Most of the time, things aren’t quite so dramatic, but the concept is the same. As you will rarely fire the gun in exactly the same manner every time, your shots end up all over the place.

A great example of what not to do — a Marine allows his trigger finger to fly off the trigger during reset. Photo: DOD

Seeking Perfection

The perfect trigger pull allows the gun to remain motionless throughout the firing cycle, until after the bullet has left the gun and can no longer be influenced by a jerk on the trigger (both figuratively and literally). In order to develop this type of perfection, you must develop the ability to steadily squeeze the trigger without starting, stopping, jerking, mashing, yanking, slamming, jamming or otherwise varying in the effort.

On some firearms the trigger break will come as a surprise, much like the proverbial glass rod cracking. On others, it will feel like you are pushing a concrete block up a long sandy ramp. Regardless, you must strive to pull the trigger with a steady, unwavering motion, the same way every time. Anything else simply won’t work if you want accurate results.

Finger placement on the trigger is important. With most rifles and single-action pistols, placing only the pad of your finger on the trigger works best. Putting any more of your digit onto the trigger will likely cause the weapon to move in some unintended direction as you fire it. You also want to place your finger so it engages the trigger at a 90-degree angle to the bore of the gun as other angles tend to impart varying degrees of muzzle movement.


When shooting a double-action revolver or pistol, you’ll need to place the first joint of your finger on the trigger in order to have enough strength to pull the heavier trigger. It’s more challenging to maintain proper trigger squeeze, but it is possible.

With practice, you will be able to almost tell the exact instant the hammer will fall on your particular gun. Once you’ve reached this level of proficiency, avoid the temptation to “Stage the trigger,” as anticipation of the shot is another common contributor to poor accuracy. Don’t worry about exactly when the gun will fire. Just start and keep squeezing the trigger — properly — until it happens.

The Lyman digital trigger gauge is a great way to accurately determine the trigger pull on your firearm.
The old “Mark I” finger just doesn’t cut it.

Flying Finger of Fate

Another common problem is allowing your finger to fly off the trigger after the shot. This will cause difficulties with the follow-up shots because your finger essentially gets a running start from somewhere out in left field, then slams down on the trigger and causes the shot to end up who-knows-where. Instead, just allow the trigger to go far enough forward to reset the action and no further.

Dry-firing practice is an excellent way to hone your trigger control. After making triple-sure your gun is unloaded and pointed in a safe direction, practice pulling the trigger on the empty chamber. If the gun moves at all, start over. An old trick is to balance a dime on the barrel and see if you can pull the trigger without disturbing the coin. Of course, with modern pistols such as GLOCK, you could run a marathon and never dislodge the dime, so don’t cheat yourself!

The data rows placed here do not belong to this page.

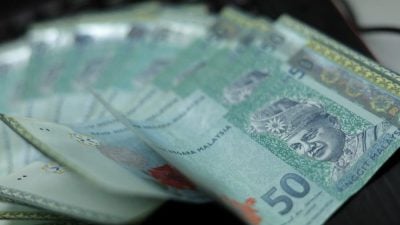 女书记遭”政府官员”连环骗局  13.7万血汗钱一夜蒸发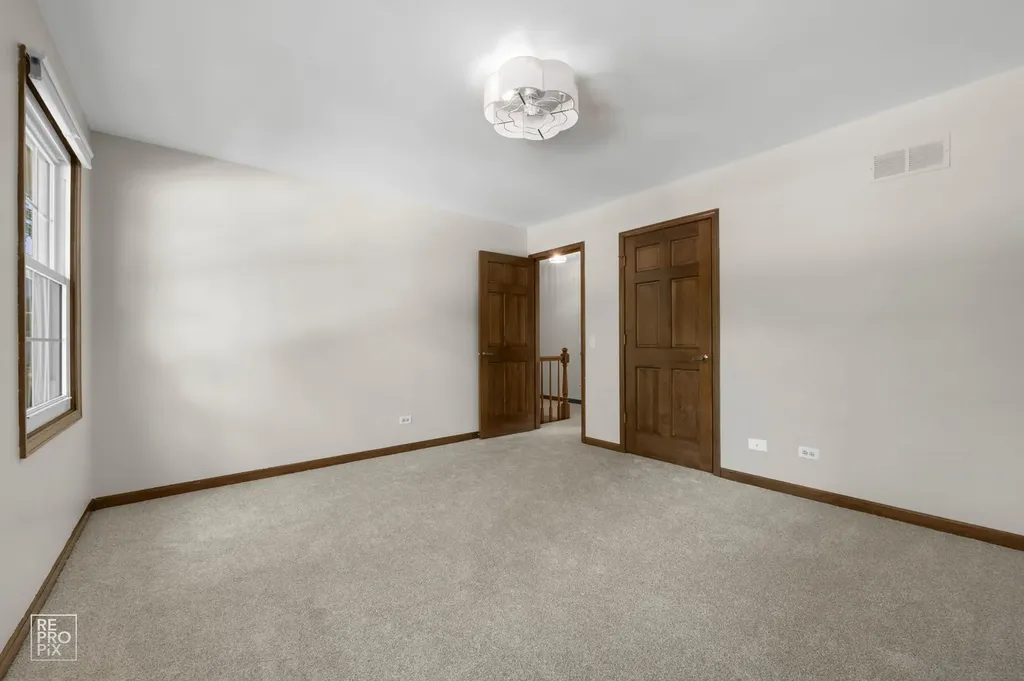 1749 East Bailey Road Naperville IL 60565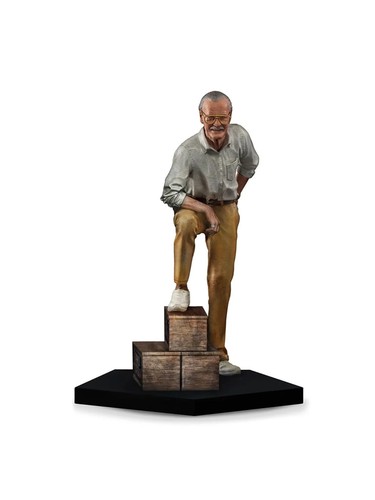 Marvel stan lee statue - lee,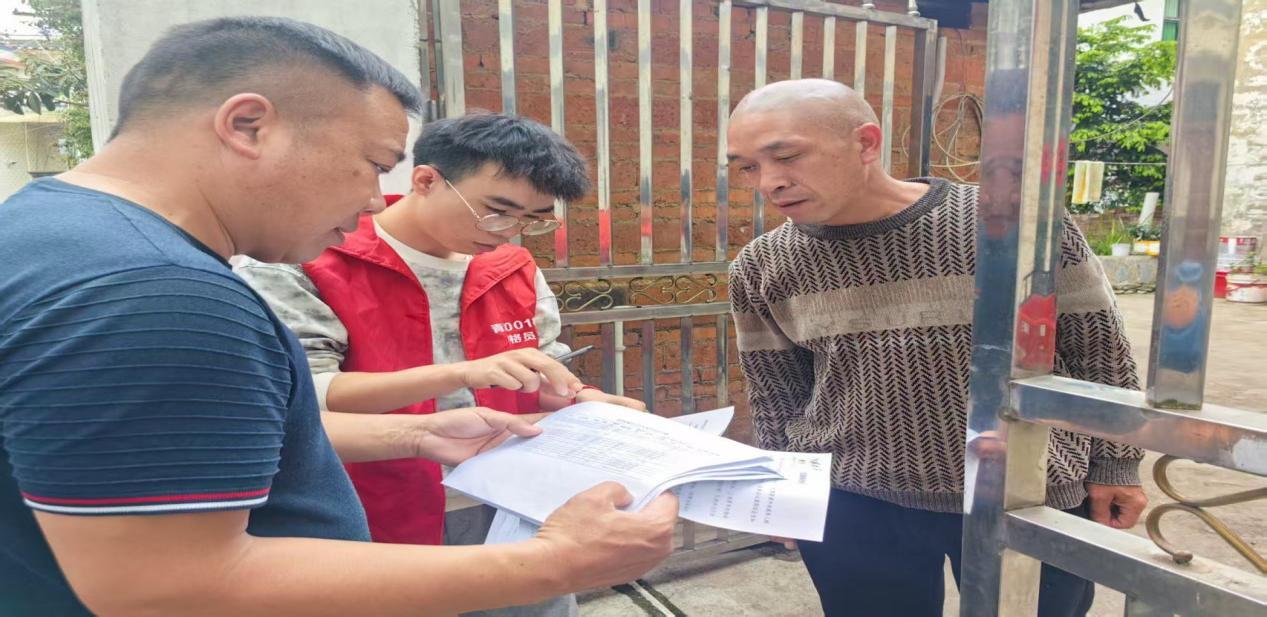 龍井村村兩委及網(wǎng)格員入戶給村民宣傳未成年人防溺水，電信詐騙等內(nèi)容.jpg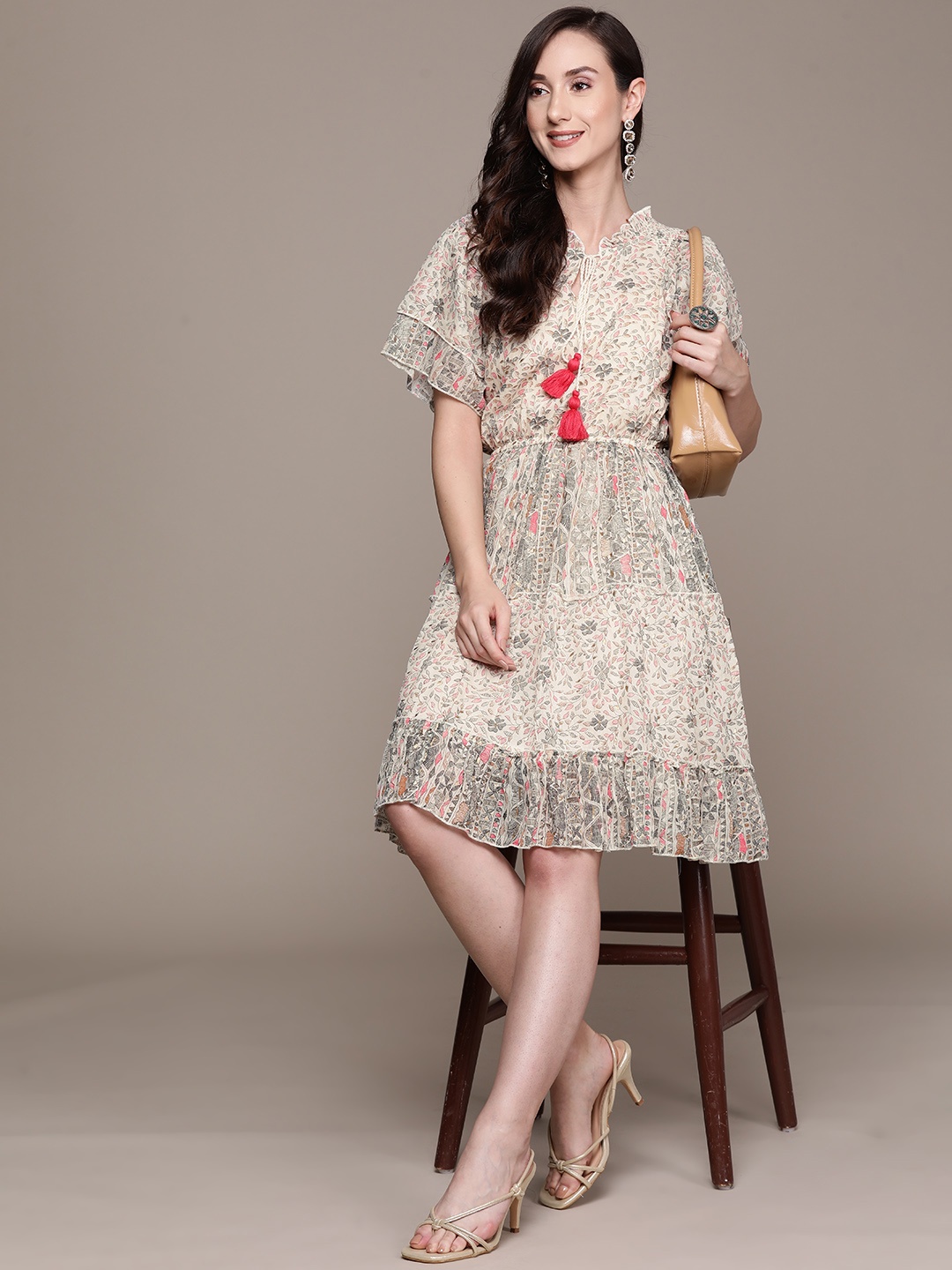 

Ishin Cream-Coloured & Pink Floral Tie-Up Neck A-Line Dress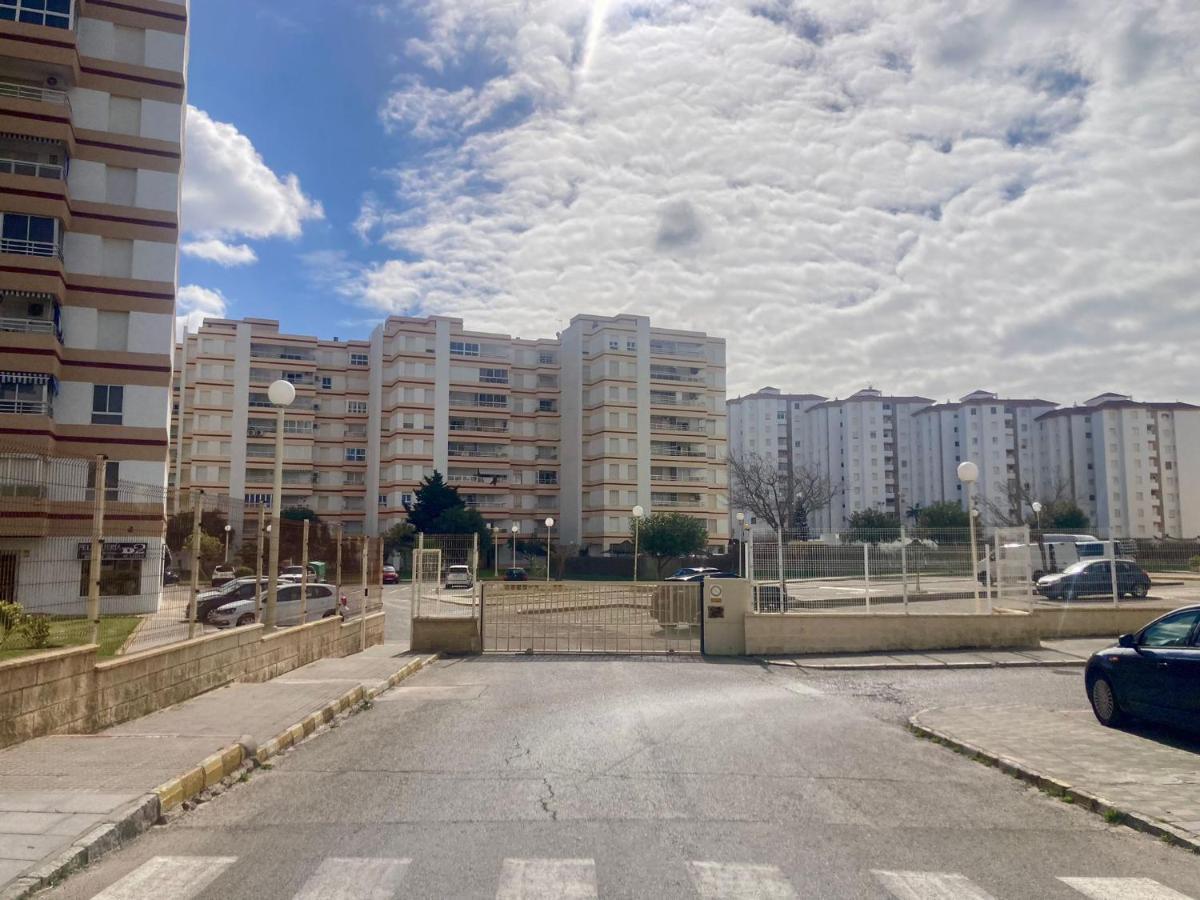 Apartamento Valdemar Playa - Wifi & Aparcamiento El Puerto de Santa Maria Luaran gambar
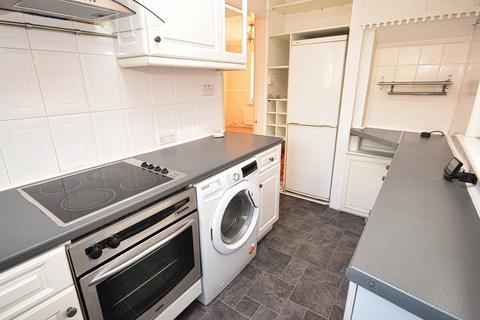 3 bedroom semi-detached house to rent, Yarningale Road, Birmingham B14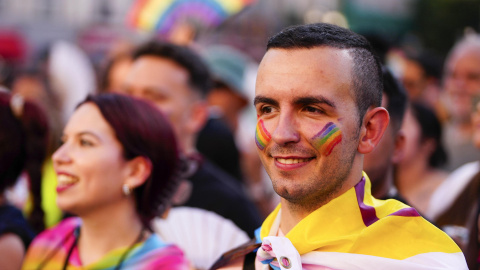 Dos de los asistentes al pregón del Orgullo de Madrid, el pasado miércoles en la plaza de Pedro Zerolo. Dos de los asistentes al pregón del Orgullo de Madrid, el pasado miércoles en la plaza de Pedro Zerolo.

Many shooters believe a flat-faced trigger, as shown here on a Taurus TX4, helps with accuracy. However, the biggest
contribution comes from good trigger control.

A great way to practice dry firing is by using technological aids such as those made by Mantis. I’m a huge proponent of the Mantis X10 Shooting Performance System and I use it weekly for practice, even if I have been to the range.

One final caution: NEVER attempt to lighten or otherwise “clean up” a trigger yourself without proper training. Though a skilled gunsmith can perform an action job to make the trigger “better” (crisper), allowing a buddy to lighten up the trigger pull or, God forbid, taking a file to the action yourself can result in a smoother trigger. Or, more likely, it’ll end up in a malfunctioning gun or a negligent discharge, resulting in tragedy. Just don’t mess around with trigger assemblies!

Though it might seem like a small thing, trigger pull is the keystone to the entire shooting process. If you can master the simple but not easy task, you will be light years ahead of most shooters.